• _Collected data entries_:
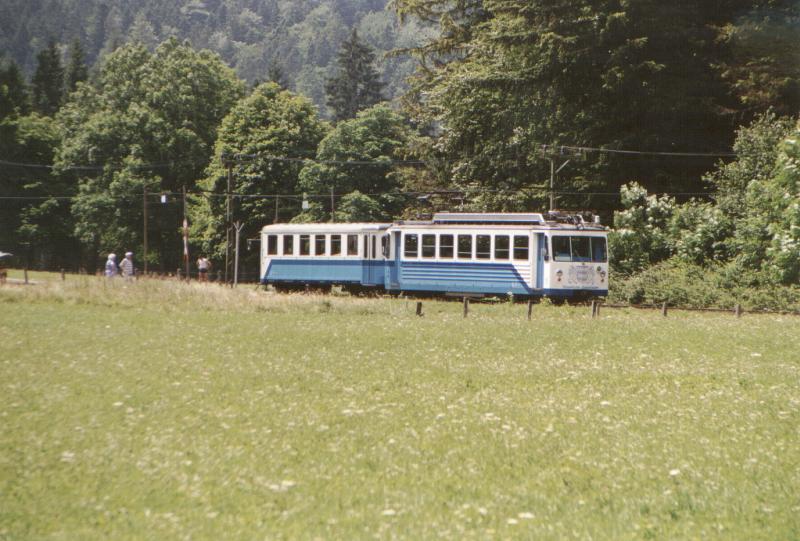 Triebwagen 5 der Bayerische Zugspitzbahn unterwegs nach Grainau Juli 2001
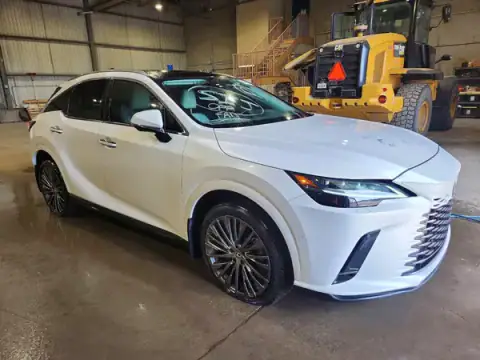 2T2BBMCAXPC019424 — 2023 Lexus RX, photo 4 from Copart 06.10.2026, Minor dents and scratches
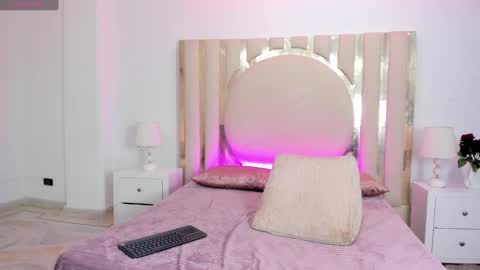 Snapshot of shainabonne chatting on February 2025 10:43:02 PM Shaina online show from February 2025 10:43:02 PM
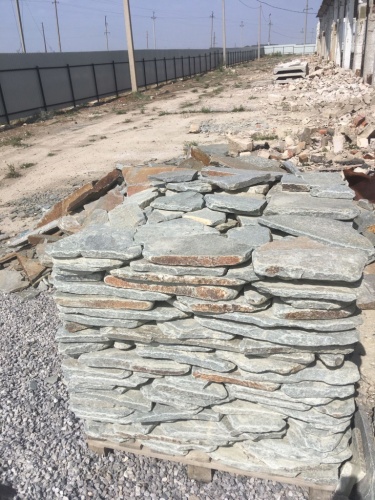 Златолит серебристый галтованный для лестниц купить в Старой Купавне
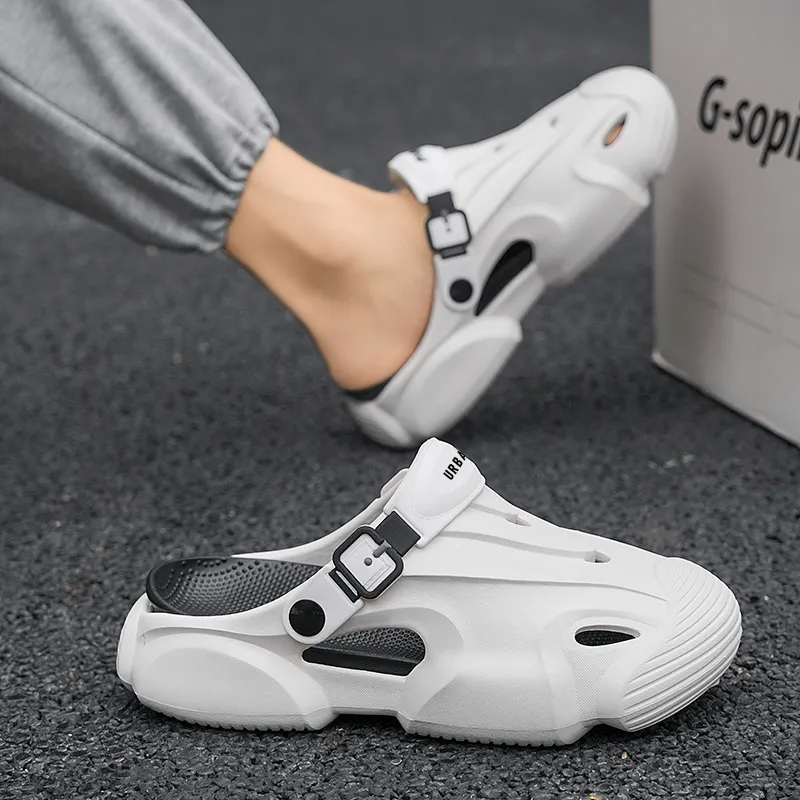 URBAN AUTHENTIC Clogs Men-1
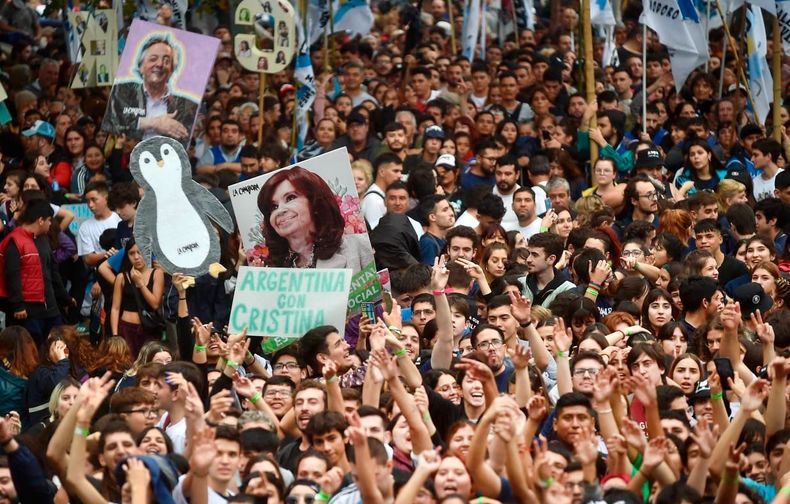 Más de 500 mil personas llenaron la Plaza de Mayo y alrededores para  escuchar a Cristina Kirchner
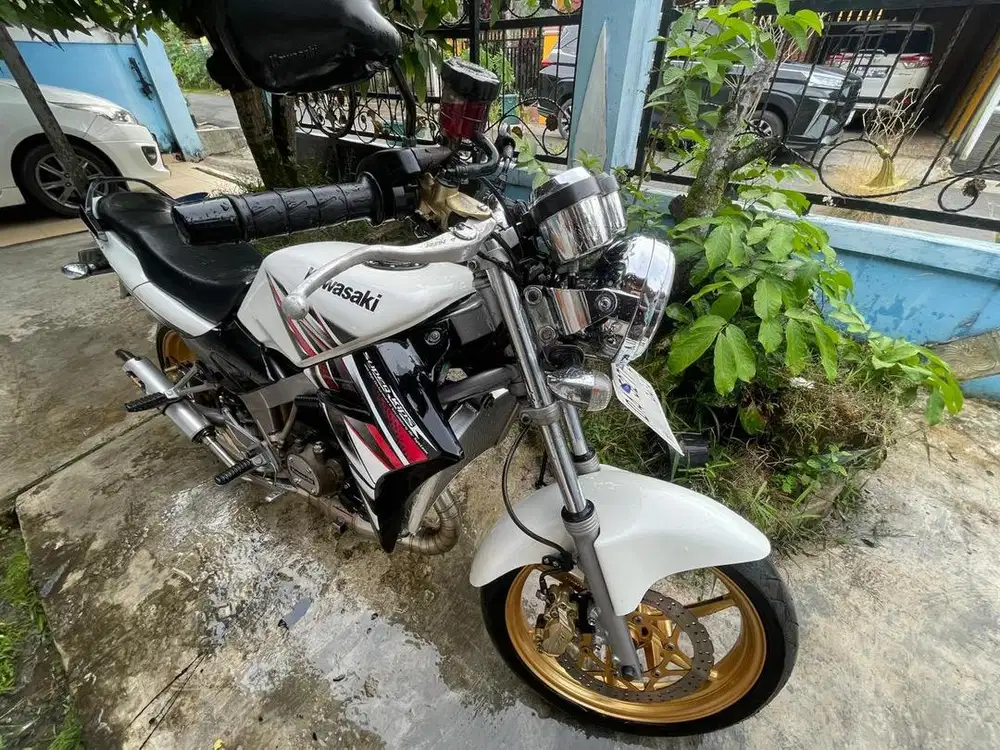 Kawaski Ninja Tahun 2012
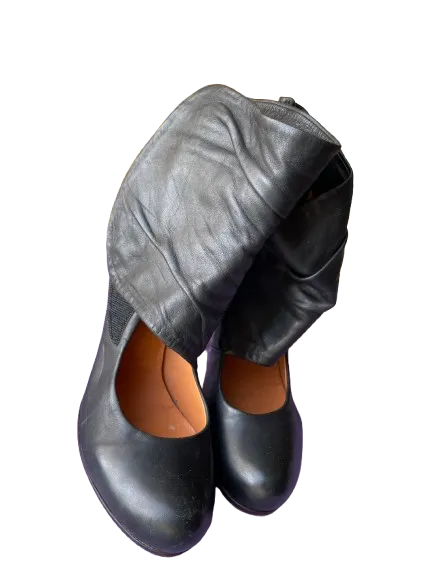 Coclico Black Leather Wrap Boots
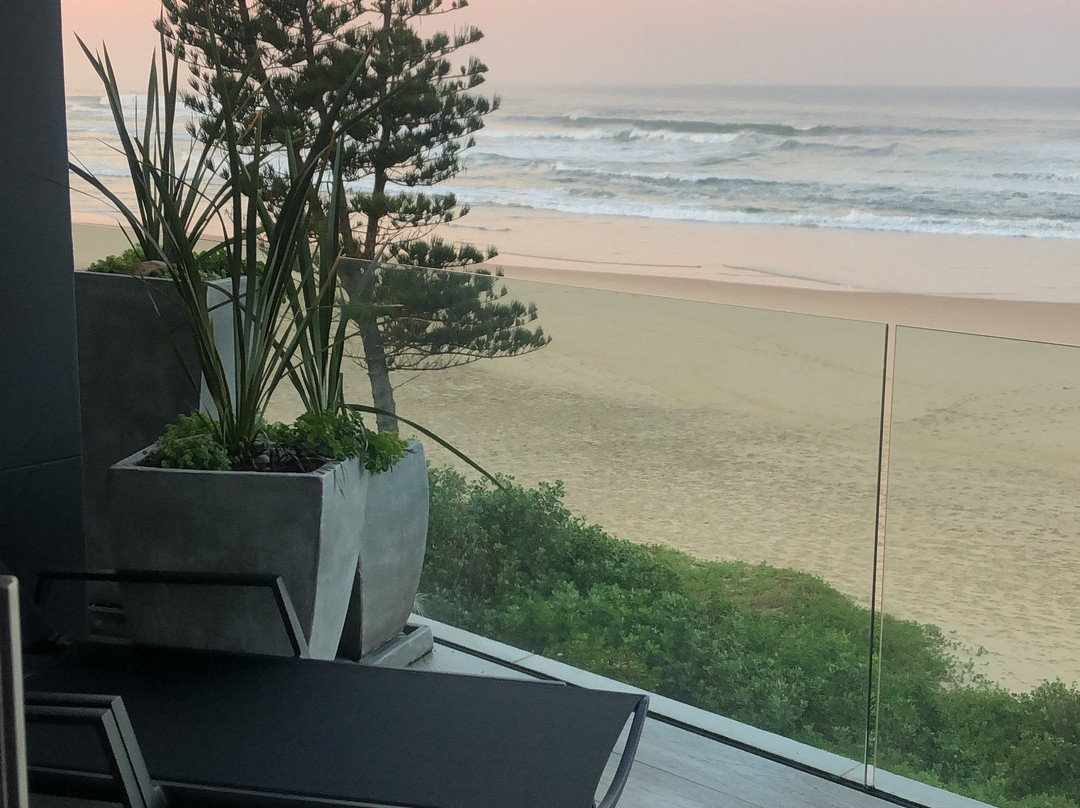 Escape To The Beach主图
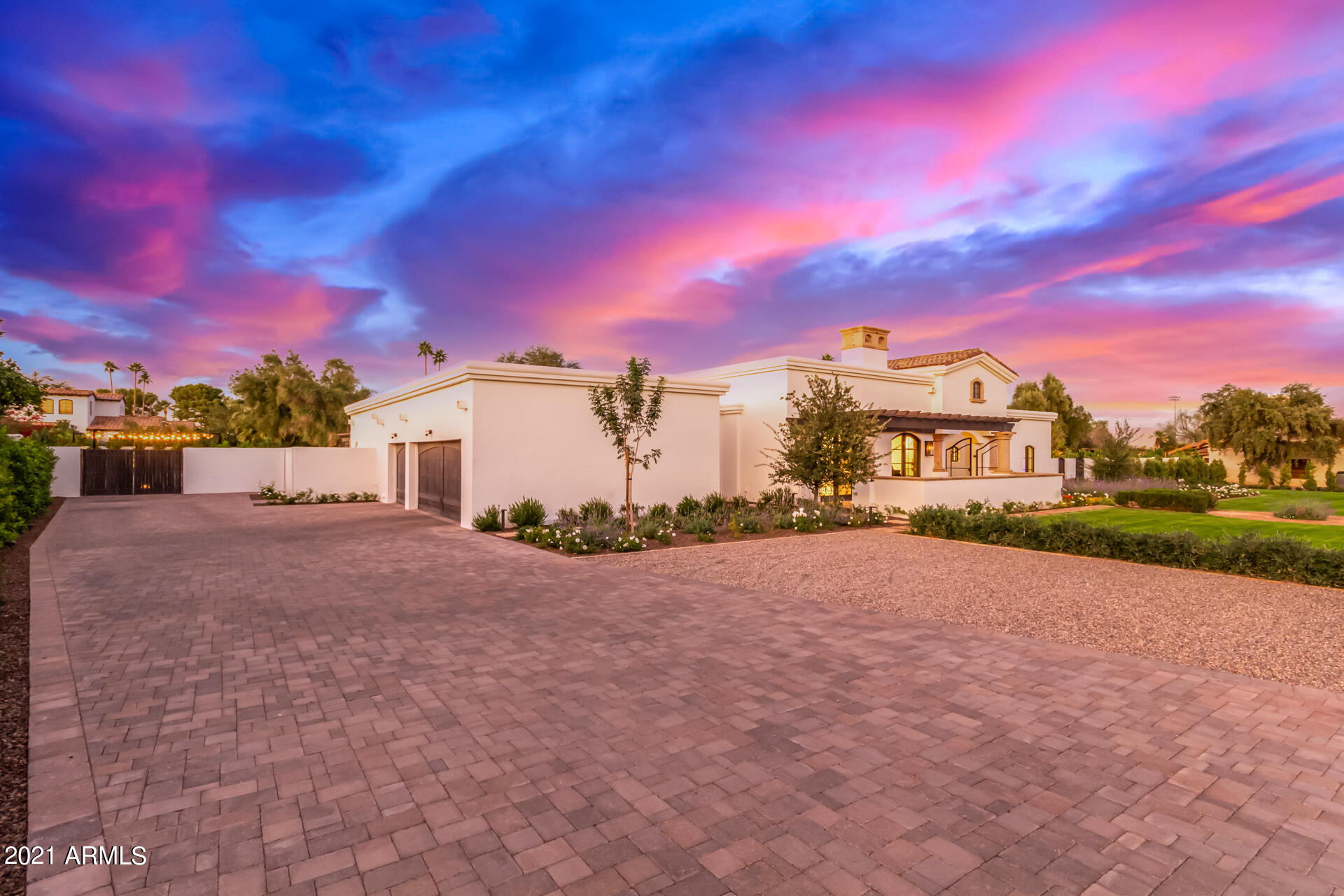 TIERRA DEL PARAISO - Residential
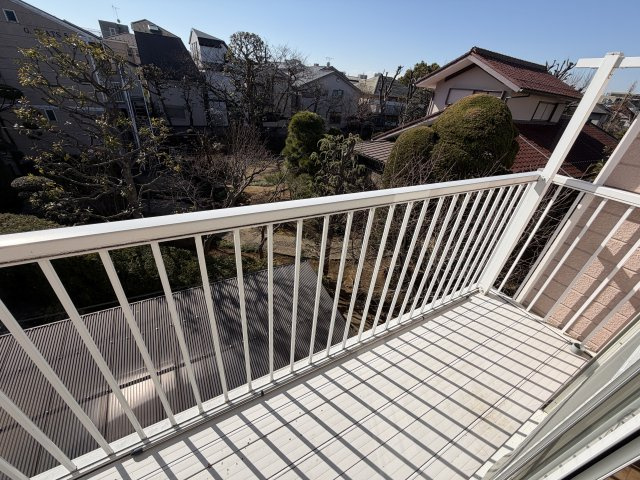 Ｇ－ＦＬＡＴＳⅢの居間・リビング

• _Work to complete_:
Please write out, word for word, only the lines from the one holding "Escape To The Beach主图" through the end of the records above, with both end lines included and the pictures dropped.

• _Answer space_:
 Escape To The Beach主图
 TIERRA DEL PARAISO - Residential
 Ｇ－ＦＬＡＴＳⅢの居間・リビング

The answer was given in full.